20 Feet from Stardom
This Academy award winning documentary shifts the spotlight off of center stage to shine some light on the under-appreciated talent of the backup singer. These talented working musicians are the voices that we all know, off of the some of the greatest songs that we’ve ever heard, yet they lack the recognition of the rockstars that rely on them. An enlightening documentary that is both uplifting and a genuine revelation.
This is Spinal Tap
It’s a no brainer really, a chance to see one of the best mockumentaries ever made on the big screen is just too good an opportunity to pass up. Rob Reiner’s 1984 satirical masterpiece follows the fictional (although they’ve since gained a pseudo-life beyond the screen) British heavy metal band Spinal Tap, as they set off on a disastrous American tour. Sharp, cutting and hilarious, this film really does go up to 11.
An exploration into one of the most important Australian artists of this generation. Blind since birth, indigenous artist Geoffery Gurrumul Yunupingu has left an undeniable legacy of musical greatness. Through Yothu Yindi, the Saltwater Band, and his own acclaimed solo career, this documentary by industry insider Paul Williams gives us an undreamed of access to the intensely reclusive individual through both home film and archival footage.
4. The Beatles: Eight Days a Week
Director Ron Howard’s (Apollo 13, A Beautiful Mind, Willow) snapshot of the Beatles at the start of their ascendancy, this documentary covers the early touring years of the iconic band and shows what rocketed them to stardom. However, beyond the deep dive into Beatlemania, what really makes this film special is the beautifully restored 1966 Shea Stadium concert footage. As an added bonus the cinematic release of this documentary had a 4K restored The Beatles at Shea Stadium broadcast of the concert (originally by Ed Sullivan Productions) consisting of 11 songs. Given the 138 minute run time, this looks to be the version being screened here, and something not to be missed by Beatles fans.

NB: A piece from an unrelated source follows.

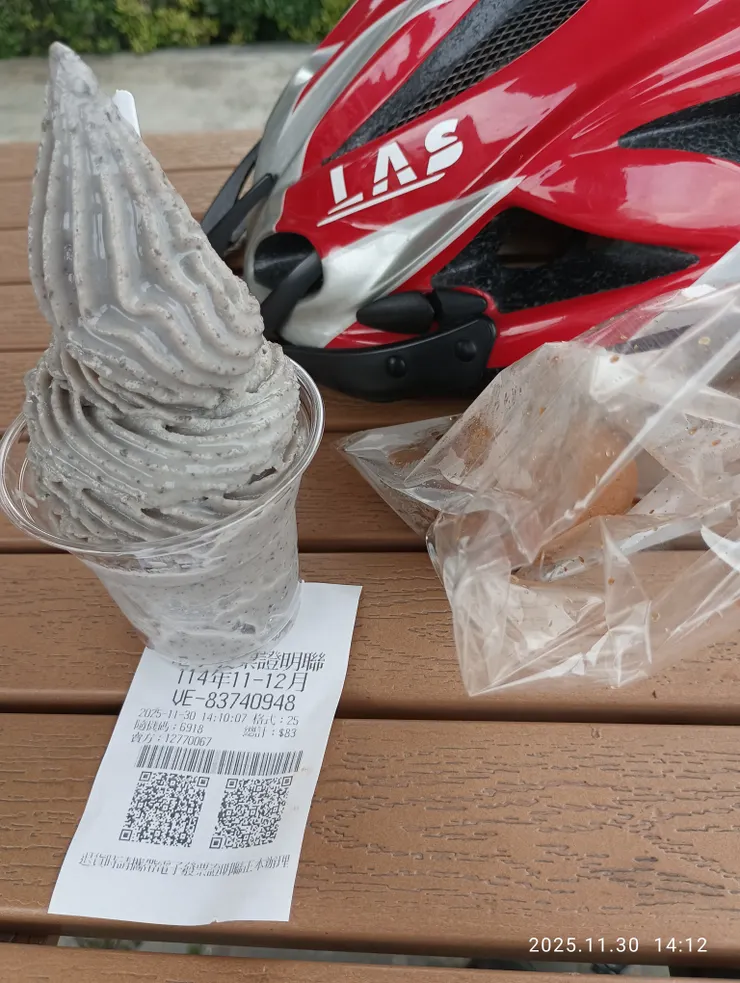 黑豆冰淇淋及茶葉蛋；冰淇淋配豆油伯的醬油或豉麻醬好吃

The talent and the tragedy of British singer-songwriter Amy Winehouse is fully revealed in this 2015 Academy Award wining documentary. A comprehensive look at her life, there’s more than a little that’s bitter sweet at this glance into the personal family archives, and the unbearable loss of such a great talent so young to drug and alcohol addiction. This will certainly bring tears to your eyes, but is also a fitting remembrance of her body of work, and the voice that could cut through all that pain.